You Have to Eat
Weight loss has to be a lifestyle change. Diets don’t work! There is data in the medical literature showing that 98% of people who lose more than 20 pounds regain all the weight by the three-year mark.1 We don’t even need medical data to know that. How many times have you lost the same 10 pounds? Meals and food need to be thought out and planned in advance. If you show up to work not knowing what you are going to eat, you will grab the most convenient, best-sounding food when you are hungry. Then you are going to be upset about what you ate and possibly use that meal as a reason to just “fall off the wagon.”
I recommended keeping a list of ten different meals you enjoy so you don’t have to reinvent the process of what is for dinner every day. I will help guide you on what types of foods to eat, but the exact meals have to be something you and your family will actually eat. I recently asked several of my coworkers what types of healthy meals they made for their families and then made them for my family. My kids and husband would not eat a single bite and are still complaining about those meals. I heard them loud and clear: they are never going to eat quinoa and chicken thighs. You need to make what you will eat. Then make enough of each dinner that you can take leftovers for lunch the next day.
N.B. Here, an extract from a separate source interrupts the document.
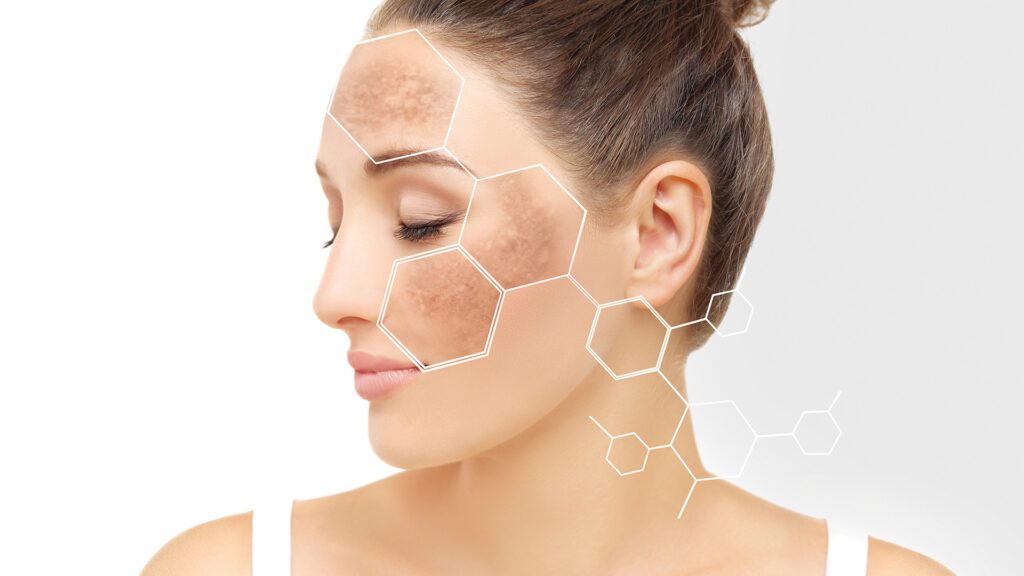 Understanding Hyperpigmentation and Melasma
Use a grocery app and order your food to pick up or be delivered. That will help keep you on track and save time. Most of these grocery apps have a “previously ordered” option, so reordering your favorite foods is very easy. By avoiding the grocery store, you will avoid all the traps of seeing the holiday baking goods and seasonal goodies that can be so tempting. You will also avoid buying all the stuff at Target you didn’t know you needed. Food—OK, so what should you eat? Stay away from processed foods. The obesity epidemic in America began in the early 1980s when we switched our diet to low fat. In order for low-fat food to taste good, it was replaced with sugars and sugar substitutes. How many of you remember waiting for the grocery store to restock Snackwell cookies? Since the 1990s our waistlines have skyrocketed and, overall, we became an obese nation. It’s time to eat real food.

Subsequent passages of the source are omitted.